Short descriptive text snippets

______________________________

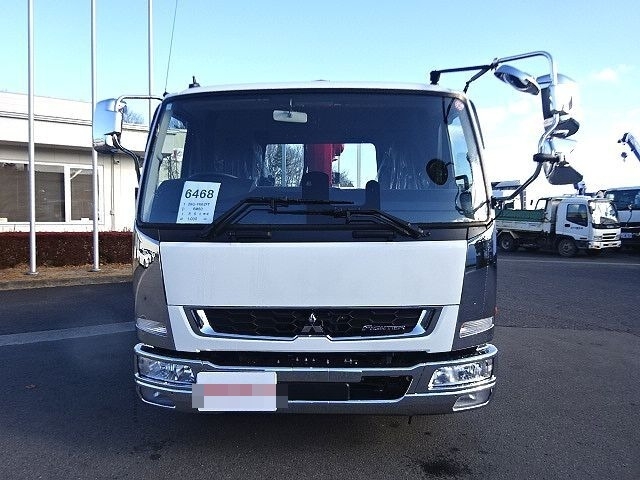 三菱ふそう ファイター 増トン 平ボディ（クレーン付） 2KG-FK62FY(55372) 2枚目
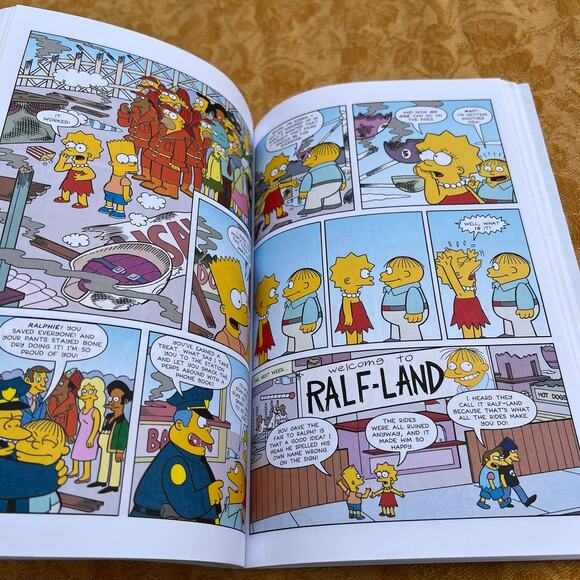 Simpsons Comics Meltdown: 2011 - Picture 5 of 9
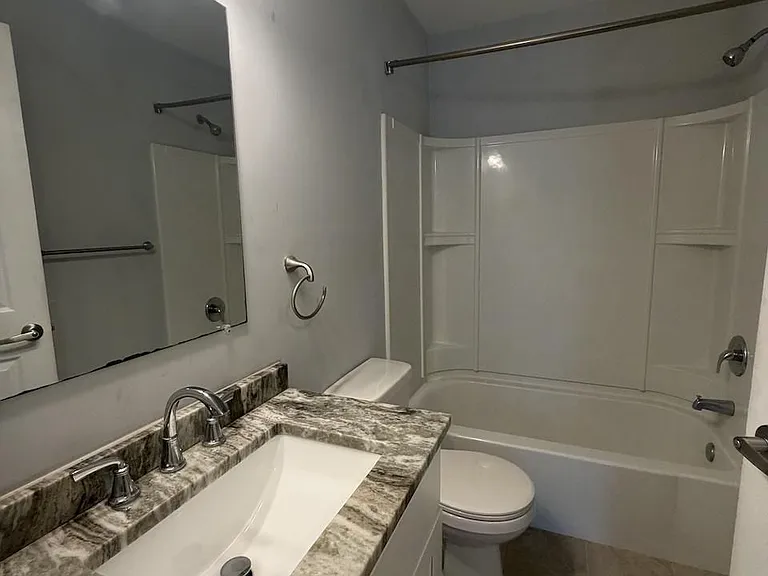 2805 Auburn Ct — Photo 5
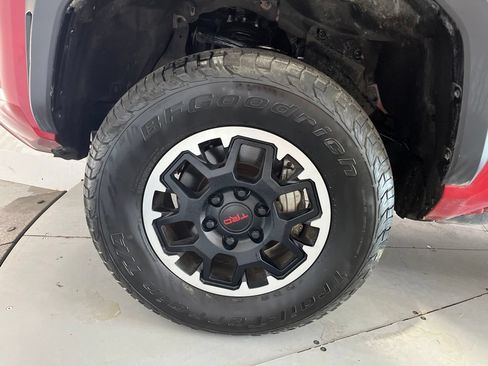 Used 2024 Toyota Tacoma TRD Off-Road AWD/4WD image 13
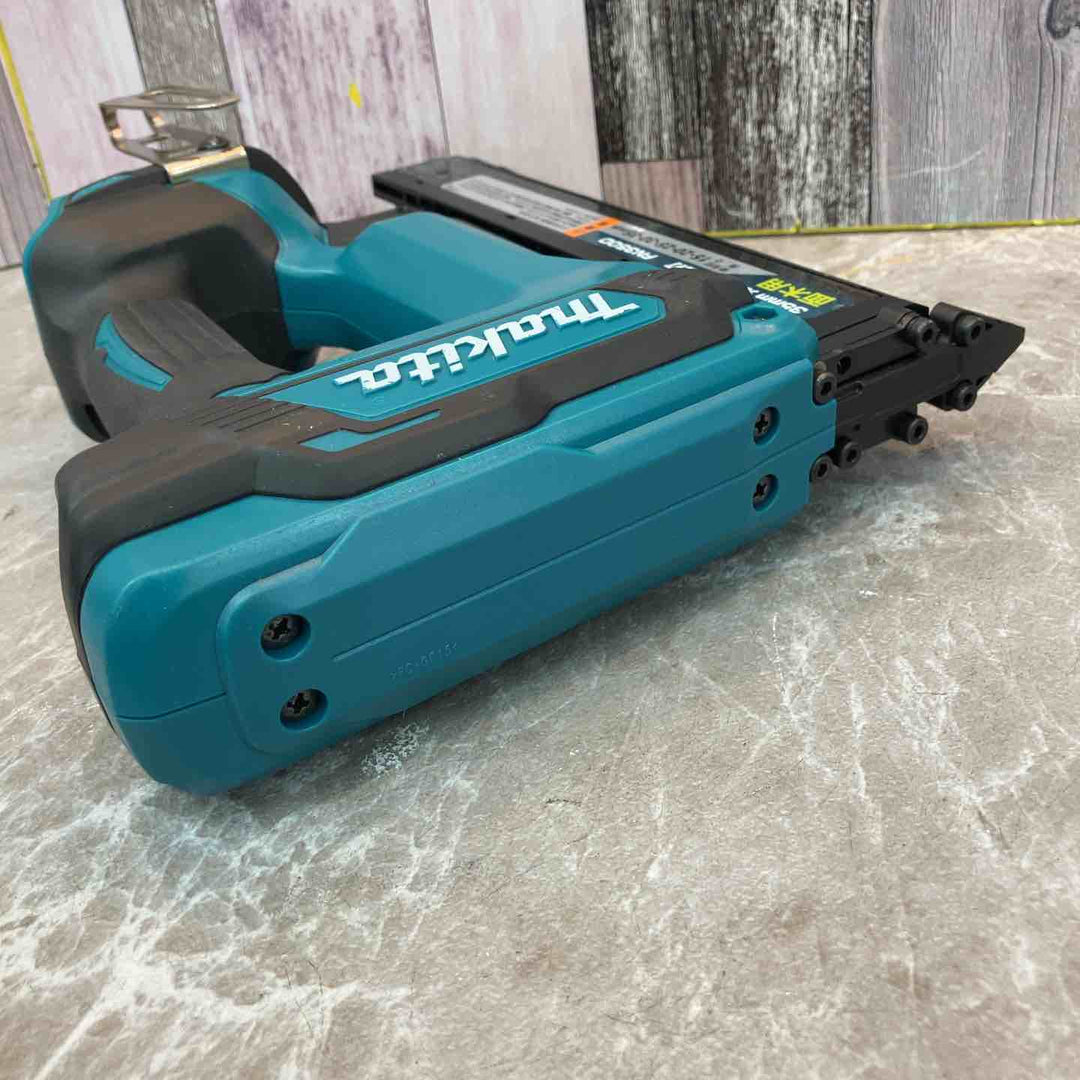 ★マキタ(makita) コードレスフィニッシュネイラ FN350DZK【八潮店】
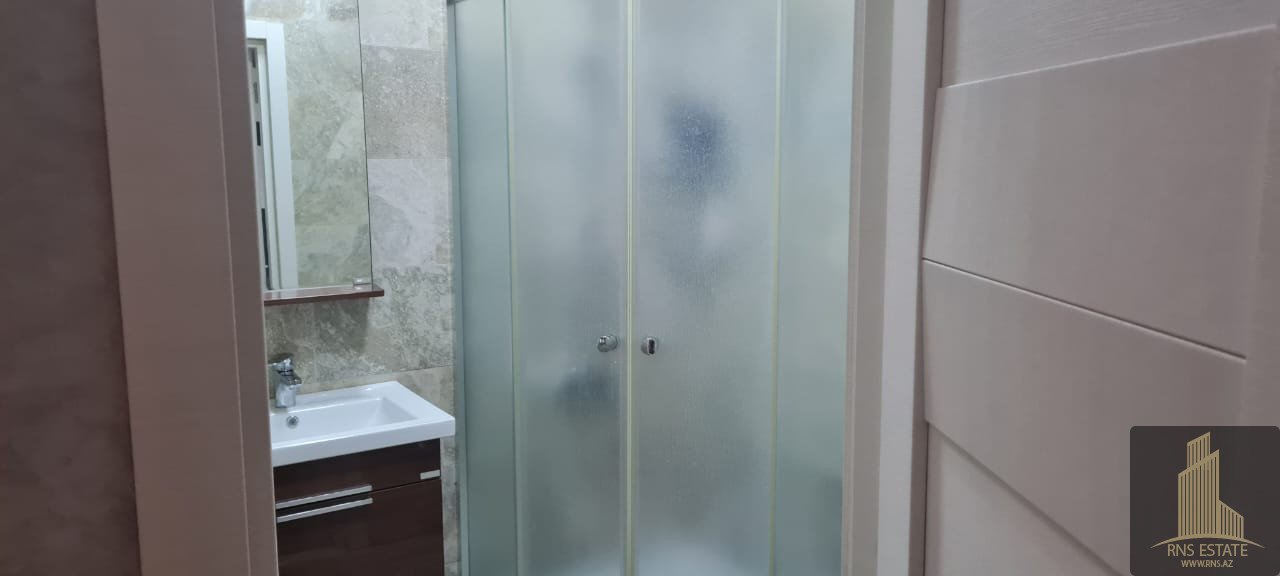 3 chambres Appartement à Sabail, Azerbaijan No. 2043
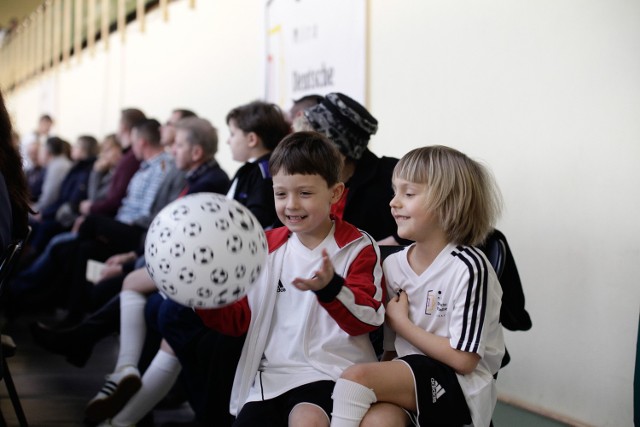 Jako pierwsza - w lutym 2015 roku - ruszyła Niemiecka Szkółka Piłkarska w Chrząstowicach. Udany pomysł szybko znalazł kontynuatorów i naśladowców.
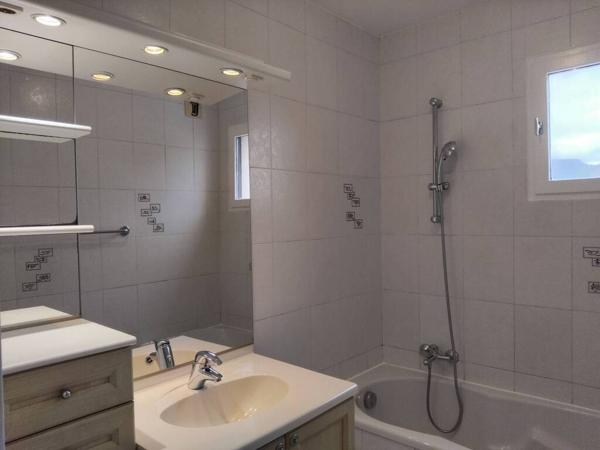 APPARTEMENT T3 A LOUER - SASSENAGE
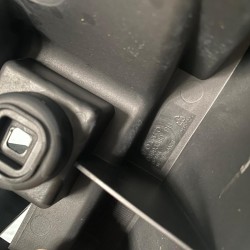 Suport bara spate dreapta VOLVO S60R 2006-2009 8693389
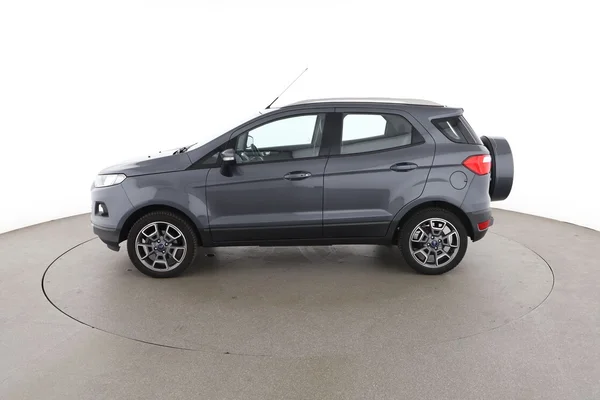 Ford EcoSport (2016) — foto 9 van 16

______________________________

The problem
After locating the line with "Jako pierwsza - w", transcribe it and the rest of the data above exactly as written, without any picture.

Answer to this exercise
 Jako pierwsza - w lutym 2015 roku - ruszyła Niemiecka Szkółka Piłkarska w Chrząstowicach. Udany pomysł szybko znalazł kontynuatorów i naśladowców.
 APPARTEMENT T3 A LOUER - SASSENAGE
 Suport bara spate dreapta VOLVO S60R 2006-2009 8693389
 Ford EcoSport (2016) — foto 9 van 16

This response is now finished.